L’aumento della fame nel mondo avviene nonostante si sia verificato un drastico calo dei prezzi dei prodotti agricoli che nel 2016 sono scesi al minimo dell’ultimo quinquennio per le principali materie prime ricomprese nell’Indice Fao. E’ quanto si ricava dal rapporto ‘The State of Food Security and Nutrition in the World 2017’ a cura delle agenzie delle Nazioni Unite FAO, IFAD e WFP. Nel 2016 la fame tocca 38 milioni di persone in più del 2015.
Milioni di contadini in vari Paesi sono in grave difficoltà a causa della grande volatilità dei prezzi delle materie prime agricole, che impedisce la programmazione e la sicurezza degli approvvigionamenti. Nonostante il forte calo dei prezzi alla produzione, quelli al consumo rimangono alti con conseguenti difficoltà per i più poveri. Così l’insicurezza alimentare resta a livelli inaccettabili ed è una delle cause principali dei movimenti migratori in atto. Più che dalle guerre, infatti, gli emigranti cercano di fuggire dalla povertà che, in alcuni casi, è estrema, anche in Paesi molto popolosi come per esempio la Nigeria, il cui prodotto interno lordo è abbastanza buono ma la cui ricchezza pro-capite è a livelli da indigenza.
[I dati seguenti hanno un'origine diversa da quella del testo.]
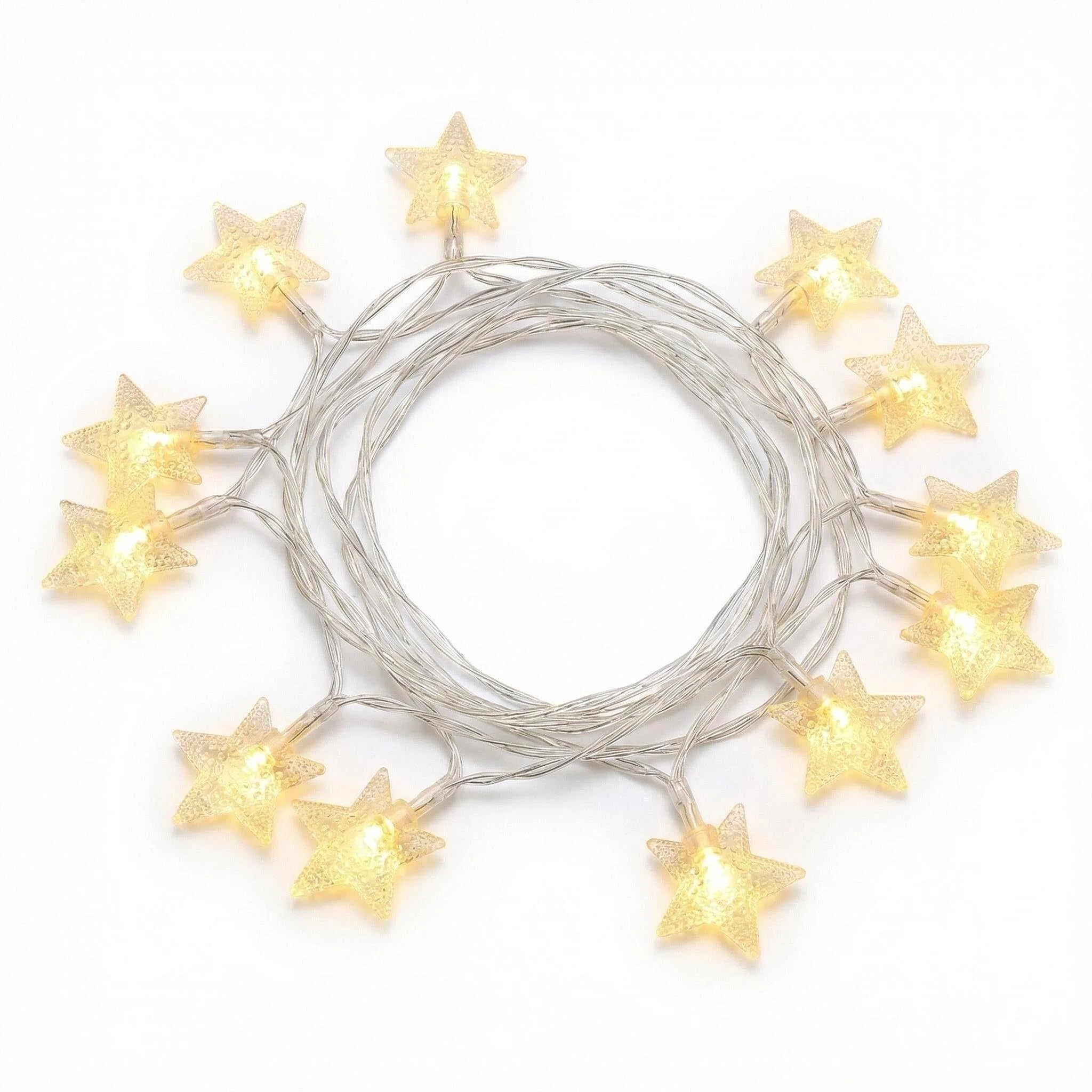 Cretvestsar Star Fairy String Lights - Indoor & Outdoor Decorative Lights, Battery Powered Fairy Lights (Color 1)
L’11% della popolazione mondiale soffre la fame secondo la FAO. Nello stesso tempo si assiste al paradosso della crescita dell’obesità nella popolazione dei Paesi più ricchi: negli Stati Uniti è a livelli allarmanti.
Risulta che l’emergenza alimentare non si risolve con i prezzi bassi all’origine perché i produttori in questa condizione entrano in grave difficoltà, non consentendo all’agricoltura di sopravvivere con conseguenze dirette sull’alimentazione della popolazione dei territori interessati al fenomeno. Servirebbe investire nell’agricoltura delle diverse realtà del pianeta, dove servono prima di tutto politiche agricole regionali che sappiano potenziare le produzioni locali con la valorizzazione delle identità territoriali per sfuggire all’omologazione che deprime i prezzi e aumenta la dipendenza dall’estero.